かつて「バブル期」、そして「バブルの崩壊」ということがありました。
まあ、今考えればかなりおかしな「狂躁期」ですよ。
私は社会人になってから「バブルの崩壊」を経験したから、誰でも知っている上場企業が倒産しちゃうのをしっかりと見ていました。
山一證券が潰れたのはソニー生命に入って2年目のことだし、3年目には初の生保会社の破綻が出ました。
時の大蔵大臣は、会見で「これは極めて特殊な例。

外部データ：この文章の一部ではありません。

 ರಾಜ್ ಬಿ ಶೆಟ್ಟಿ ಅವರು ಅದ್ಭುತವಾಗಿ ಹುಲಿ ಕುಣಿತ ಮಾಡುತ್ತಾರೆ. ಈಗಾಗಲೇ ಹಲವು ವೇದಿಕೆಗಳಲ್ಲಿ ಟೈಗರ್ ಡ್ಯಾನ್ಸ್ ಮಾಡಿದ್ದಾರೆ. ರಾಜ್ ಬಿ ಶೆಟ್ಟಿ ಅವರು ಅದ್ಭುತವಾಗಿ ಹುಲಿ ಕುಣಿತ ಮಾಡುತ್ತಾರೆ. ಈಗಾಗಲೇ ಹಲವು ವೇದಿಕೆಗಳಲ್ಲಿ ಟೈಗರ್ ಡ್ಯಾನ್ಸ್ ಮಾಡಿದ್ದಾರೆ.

今後は起こり得ない」と言っちゃって・・・私たちは、「おいおい、イイ加減にしろよ!」と思ったものです。
なぜなら当時は、経営危機が囁かれている「渋谷4社」(東邦、日産、第百、千代田)というのがあって、「東邦が真っ先に逝く」(だって、ソルベンシー・マージン比率が15%だぜ!)と言われていたんだけど、26%の日産に先を越されちゃったから(笑)。
で、案の定、それから4年間でバタバタと7社が破綻して・・・正式には「破綻」ではないけれども、経営が立ち行かなくなって身売りした会社を含めれば、20社あった漢字生保の内、何と12社が姿を消すに至ったのです。
ホント、漢字生保って、「あり方」自体が無茶苦茶なのよ。
書くつもりはなかったのだけれども、面白いから、ちょっと昔話をしましょうね。
前述した、初の破綻が出た時の会見で、無責任な大蔵大臣が、同時に「生命保険会社の安全性に関する数字を発表させる」って言ったんだよね。
それを聞いて、私たちはみんな「???」だったのです。
だって、ソルベンシー・マージン比率の数字は、ダイヤモンドや東洋経済に普通に掲載されていたから。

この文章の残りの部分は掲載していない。